- Born: 1882 Bogoslov, Bulgaria
- Died: November 17, 1922
- Organization(s): IMARO, IMRO

= Velin Alaykov =

Velin Alaykov (Велин Алайков) was a Bulgarian revolutionary, a worker of the Internal Macedonian-Adrianople Revolutionary Organization (IMARO) and the Internal Macedonian Revolutionary Organization (IMRO).

==Biography==
Alaykov was born in 1882 in the village of Bogoslov, Kyustendil district. He studied in his village and then in the smithery school in Samokov, where he participated in the secret revolutionary section “Trayko Kitanchev”, under the supervision of Nikola Dechev. Before he finished his schooling, in 1900 Alaykov entered the revolutionary band of Argir Manasiev operating in the area of Gevgelija. During 1902 Alaykov was a freedom fighter in the area of Kratovo with the revolutionary band of Dime Berbercheto, and in the period 1904-1905 he operated in Kochansko with the revolutionary band of Krastyo Balgariyata.

At the end of 1906 Alaykov returned in Bulgaria and enrolled the Bulgarian army. He finished the Military school in Sofia and was promoted to senior sergeant. He participated in the wars for Bulgarian national unification during the period 1912-1918 and was rewarded two medals for bravery “Za hrabrost”. After the First World War he settled in Kyustendil when he took part in the activity of IMRO, that was reorganized by Todor Aleksandrov, and became a local chief of the organization in Kyustendil.
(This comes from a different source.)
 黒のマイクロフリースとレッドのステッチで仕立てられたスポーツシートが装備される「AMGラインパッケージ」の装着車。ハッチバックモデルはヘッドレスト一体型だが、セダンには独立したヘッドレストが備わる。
He was responsible for the supply of weapons and logistics for the revolutionary bands on their way to Vardar Macedonia.

In 1920 Alaykov was chosen president of the Union of Reserve Sergeants in Kyustendil. He participated in the negotiations between the IMRO and the hostile government of Aleksandar Stamboliyski, but during the negotiations he was killed by a member of the federalist organization Grigor Tsiklev. As a result of this murder, IMRO conducted what is known as the Kyustendil action.